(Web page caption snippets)
"""

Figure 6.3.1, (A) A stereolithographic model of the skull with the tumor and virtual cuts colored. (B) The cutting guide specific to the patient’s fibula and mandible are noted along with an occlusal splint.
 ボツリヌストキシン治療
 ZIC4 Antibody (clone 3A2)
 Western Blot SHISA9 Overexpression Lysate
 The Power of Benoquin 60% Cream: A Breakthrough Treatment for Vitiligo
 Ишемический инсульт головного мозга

"""

• [TASK REQUIREMENTS]
When you transcribe the records above, keep every line exactly the same.

• [ANSWER AREA]
Figure 6.3.1, (A) A stereolithographic model of the skull with the tumor and virtual cuts colored. (B) The cutting guide specific to the patient’s fibula and mandible are noted along with an occlusal splint.
 ボツリヌストキシン治療
 ZIC4 Antibody (clone 3A2)
 Western Blot SHISA9 Overexpression Lysate
 The Power of Benoquin 60% Cream: A Breakthrough Treatment for Vitiligo
 Ишемический инсульт головного мозга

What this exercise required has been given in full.